By pleading no contest, Donald F. Lemasters, 44, 153 Liberty St., preserved his right to appeal the conviction.
Judge Robert D. Nichols ordered a pre-sentence investigation and set sentencing for Oct. 19. Lemasters could spend up to 126 years in prison and pay up to $257,000 in fines for the multi-count conviction. However, Nichols noted Ohio’s current guidelines regarding consecutive sentences and Lemasters’ lack of a criminal history will likely mean much less time behind bars. He will be forced to register as a sex offender for 25 years.
In the meantime, Lemasters remains in Tri-County Regional Jail without bond.
In return for the no-contest pleas, Assistant Madison County Prosecutor Kirsten Gross said she will not charge Lemasters with fleeing the county to avoid a July 17 jury trial.
Friday’s plea hearing marked a milestone in a case that began in April 2011 when deputies from Franklin and Madison counties, London police officers and agents from the Ohio Bureau of Criminal Investigation raided the Liberty Street house and confiscated computers, DVDs, CDs and other electronic storage devices containing images of children in various stages of nudity and engaged in sexual acts. None of those images were of local children.
The raid was based on a tip from a Franklin County task force investigating Internet crimes against children that someone at the Liberty Street address was downloading child pornography to a home computer from file-sharing networks.
A series of legal delays followed, as Lemasters changed attorneys and filtered in and out of jail.
Court-appointed attorney Joe Edwards obtained Lemasters’ release from jail on house arrest in January and prepared for the July trial. However, just days before a jury was scheduled to hear the case, Lemasters disappeared.
U.S. Marshals eventually found the man hiding in the attic of his parents’ Warren home.
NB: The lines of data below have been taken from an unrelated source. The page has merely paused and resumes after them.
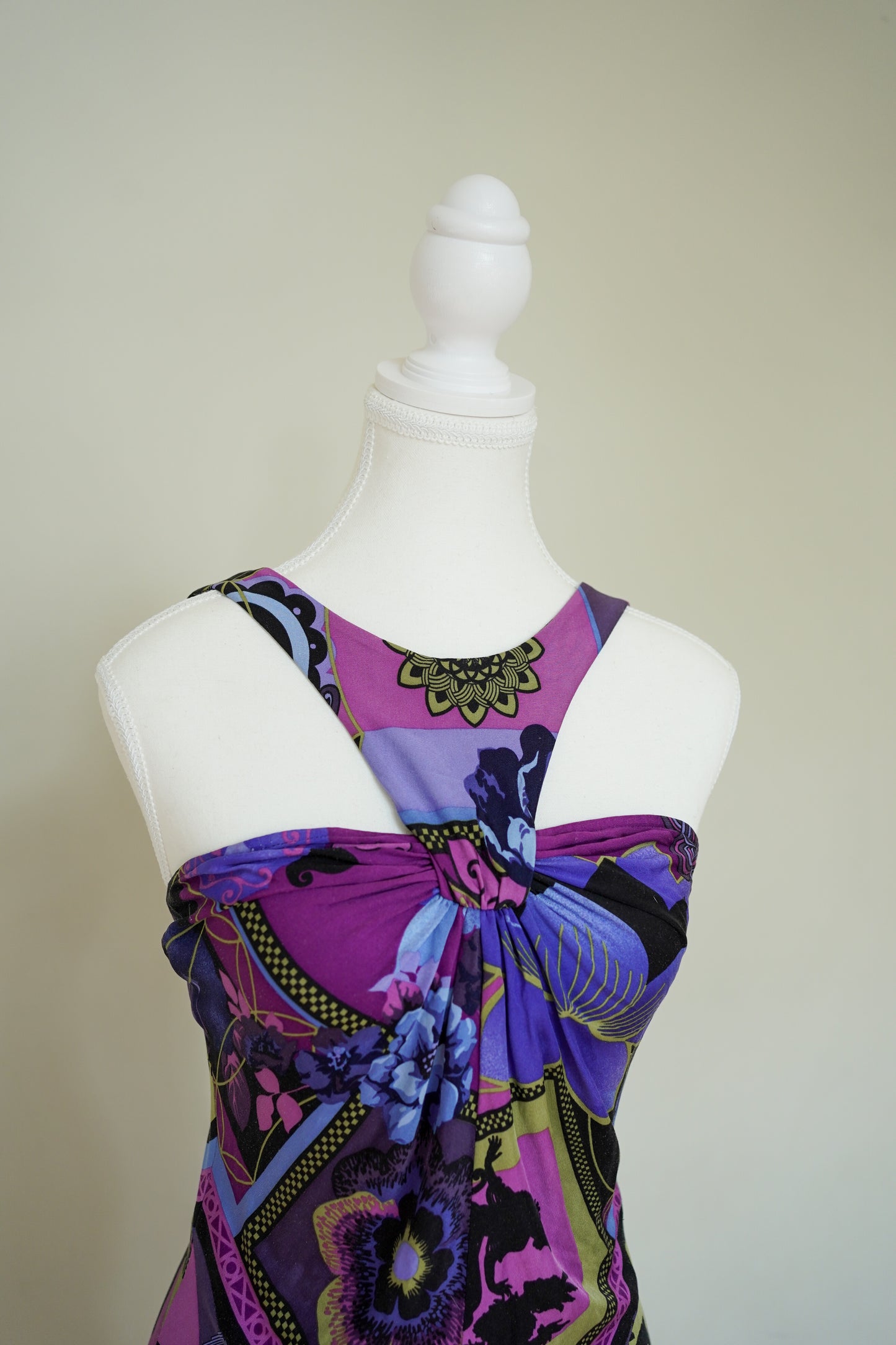Silk Versace Purple Print Dress (M)
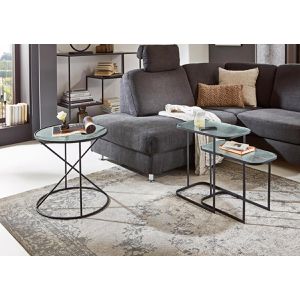 Produktbild für Beistelltisch Haku-Möbel 23588, Leeds, transparent / schwarz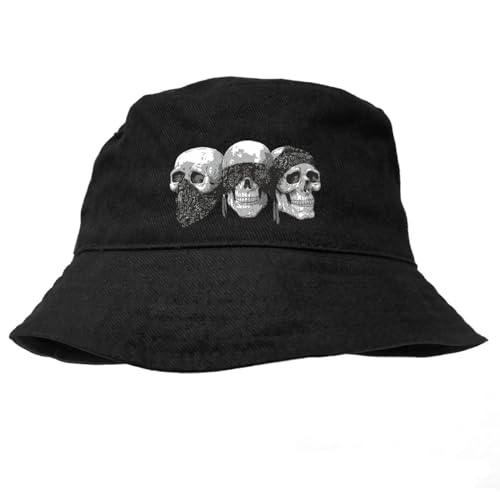 Bucket hat Skulls Totenköpfe Death Head anglerhut Sonnenhut Biker Rapper Ultras von Spaß Kostet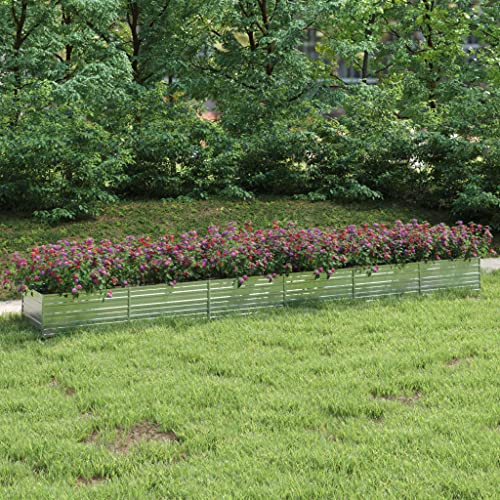 WIFESE Garten-Hochbeet 600x80x45 cm Verzinkter Stahl Silber Hochbeet Metall Hochbeete für Garten Pflanzenbett Kräuterbett Blumenkiste Dekorieren Eingang Balkon Terrasse Garten Stilvoll & Langlebig von WIFESE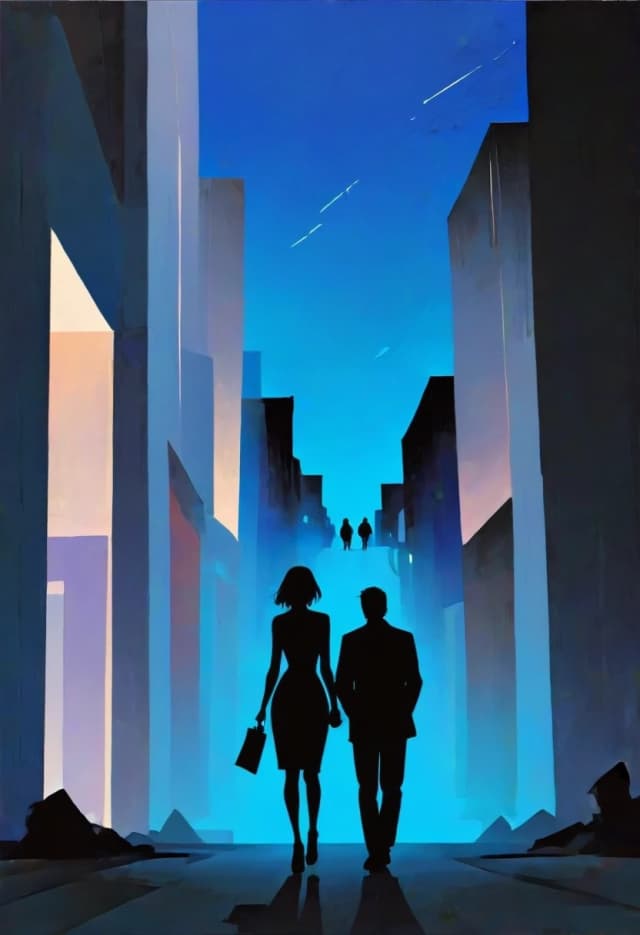 In the style of Malcolm T. Leipke
on a blue background,
night landscape, modern architectural landscape, walking silhouettes of women and men, angular, nervous brushstrokes, on a rough background, pastel, unfinished study
minimalism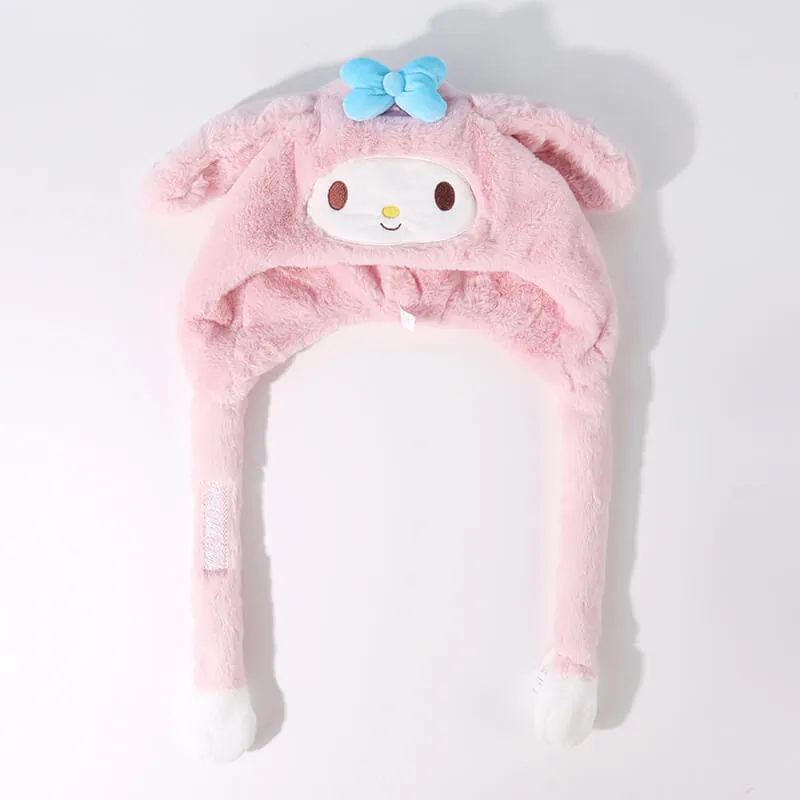 Fluffy My Melody Hat with Flap Dancing Ears
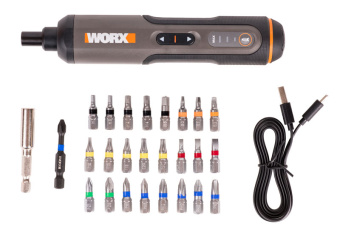 WORX 4V Отвертка аккумуляторная WX240, комплект с АКБ 1.5 Ah и ЗУ WORX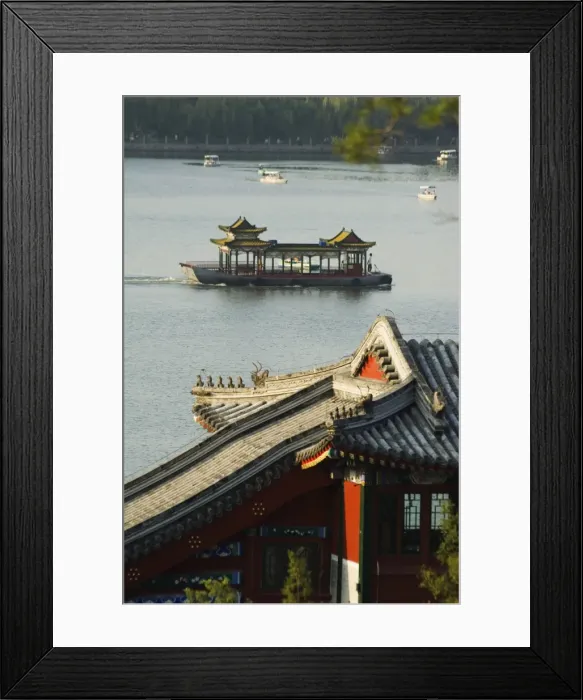 Framed Print : Chinese style boats on a lake in Beihai Park, Beijing, China, Asia Framed Print : Chinese style boats on a lake in Beihai Park, Beijing, China, Asia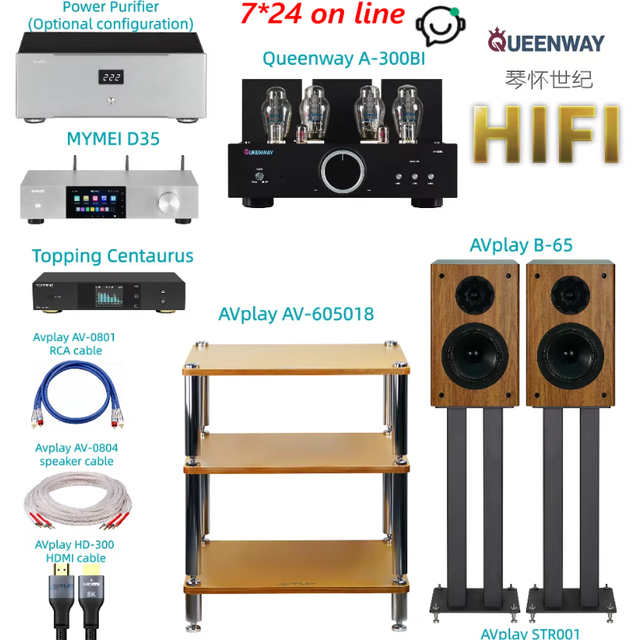 QUEENWAY AVPLAY HiFi Set with Tube Amplifier Bookshelf Speakers HiFi Digital Player DAC Decoder Complete Audio System Set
He waived extradition and was returned to Madison County on Aug. 2.
Private attorney Eric Hoffman represented Lemasters on Friday. Earlier, Nichols over-ruled Hoffman’s motion to suppress evidence gathered in the 2011 search of the Liberty Street home. Hoffman argued authorities used improper methods to obtain Lemasters’ Internet provider address and trace it to the house.
It’s an argument frequently heard in today’s criminal cases involving child pornography on the Internet. Along with the debate over file-sharing networks and how they work, it will likely provide the basis for Lemasters’ future appeal.